Instruction for the data below: set down exactly the lines from the line with "Set of 2 Obidos Reactive Glazed Stoneware" to the line with "Förvaringspåsar Komprimering Packing", inclusive, and no others.

*The data*.
──────────────────────────────

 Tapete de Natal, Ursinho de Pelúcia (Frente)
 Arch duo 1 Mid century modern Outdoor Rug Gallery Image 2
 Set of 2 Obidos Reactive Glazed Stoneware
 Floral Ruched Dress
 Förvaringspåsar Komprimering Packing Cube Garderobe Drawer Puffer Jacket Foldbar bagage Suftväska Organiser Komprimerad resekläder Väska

──────────────────────────────

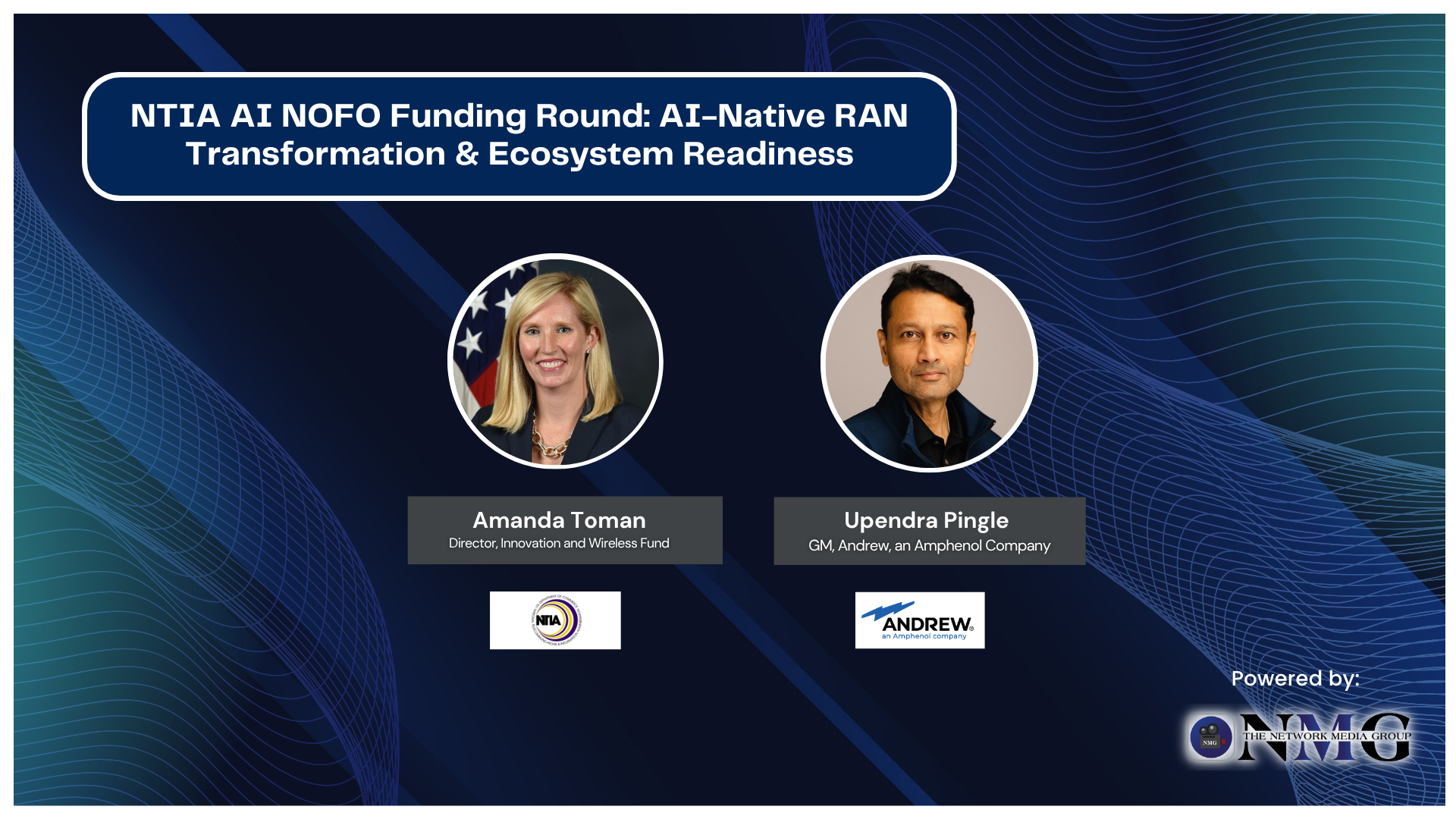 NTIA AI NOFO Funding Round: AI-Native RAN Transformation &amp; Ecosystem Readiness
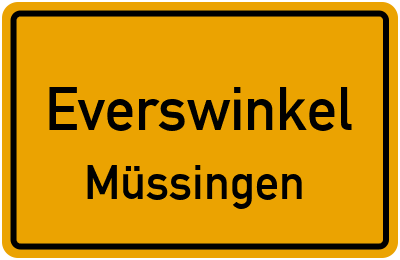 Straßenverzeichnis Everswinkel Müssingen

──────────────────────────────

*Answer to this exercise*.
 Set of 2 Obidos Reactive Glazed Stoneware
 Floral Ruched Dress
 Förvaringspåsar Komprimering Packing Cube Garderobe Drawer Puffer Jacket Foldbar bagage Suftväska Organiser Komprimerad resekläder Väska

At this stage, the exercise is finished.